Curcumin is divided into dedimethoxycurcumin, demethoxycurcumin and curcumin. The main extraction methods can be divided into organic solvent extraction and water extraction. The existing extraction methods are prone to degrading curcumin during the process of extracting and recovering solvents. Supercritical carbon dioxide extraction technology, as a new green extraction and separation technology, can effectively extract high-purity curcumin from turmeric.

After the turmeric raw material is crushed and sieved, it is placed in an extraction kettle for extraction. After the extraction is completed, the content of curcumin in the extracted turmeric residue is detected, and the extraction rate of curcumin is obtained by comparing it with the content of curcumin in the raw material.

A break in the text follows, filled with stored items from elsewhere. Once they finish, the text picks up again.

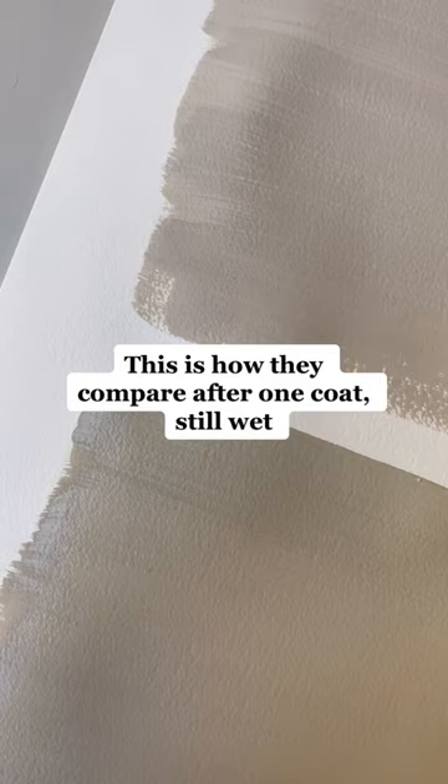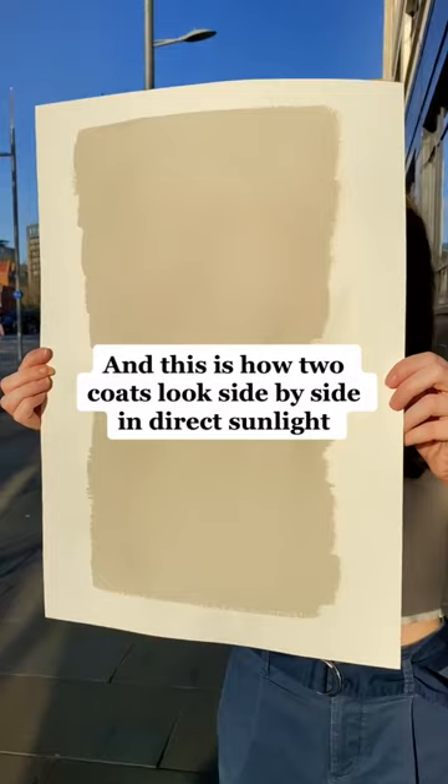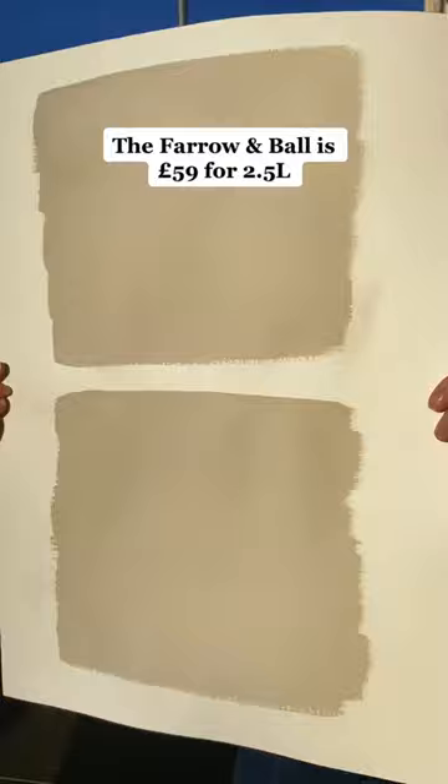And this is how two coats look side by side in direct sunlight. As you can see, the Deluxe has a slightly yellower tone, but overall they're a pretty good match. The Faro and Ball is 59 pounds for 2.5 L, and the Deluxe is 30 pounds and 66 pence for 2.5 L.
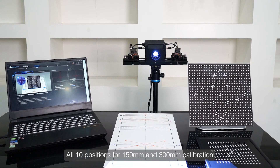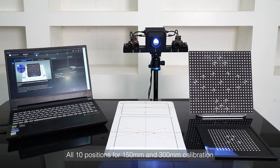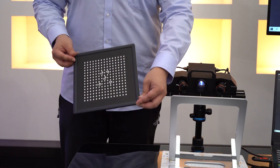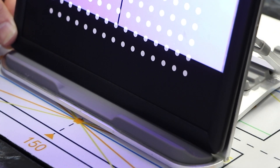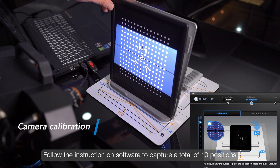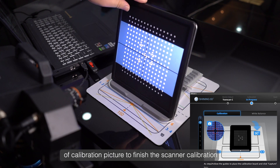All 10 positions for 150mm and 300mm calibration are marked on the calibration pad. Please maintain the scanner and calibration board position as in the adjusting step. Follow the instructions on the software to capture a total of 10 positions of calibration pictures to finish the scanner calibration.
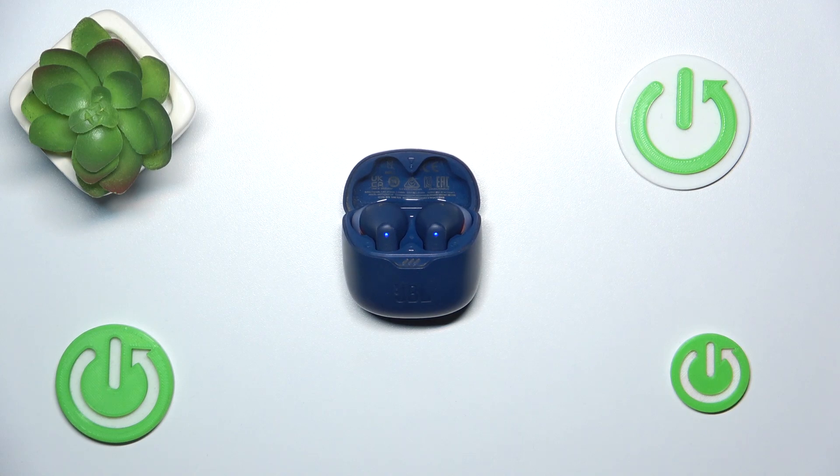Hi everyone, welcome! Today I have JBN Tune Flex headphones and I'm going to show you how you can easily perform a hard reset on them.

Under the condition that other conditions remain unchanged, the effect of different raw material particle sizes on the extraction effect is studied: as the raw material particle size decreases, the efficiency of supercritical carbon dioxide extraction increases. When the particle size is reduced to 0.5mm, the extraction rate no longer increases, but the material will stick together due to the small particle size, thereby increasing the difficulty and cost of crushing. Therefore, the particle size of the raw material should be selected at 1mm.

Conclusion

The yield and composition of the extraction product are mainly determined by the following three processing conditions: raw material primary processing, extraction conditions and separation conditions. In industrial production, each product should optimize the parameters in the above conditions.

SFE is a typical operation at high solvent feed ratio, high air velocity and low fluid viscosity. It is generally believed that SFE-CO2 can selectively extract plant aromatic oils, esters, alcohols, aldehydes, terpenes, and light fractions in waxes and resins, while leaving heavy fractions, fatty acids, triglycerides, chlorophyll, pigments and other high molecular weight substances in waxes and resins in the extraction phase.

Compared with traditional liquid-liquid extraction, SFE-CO2 has better selectivity, and supercritical fluid extraction technology has broad application prospects in the food, chemical and pharmaceutical industries. With the development of industrialized SFE devices, the reliability, safety, rationality of operation and sufficient convenience of SFE devices will be more effectively guaranteed.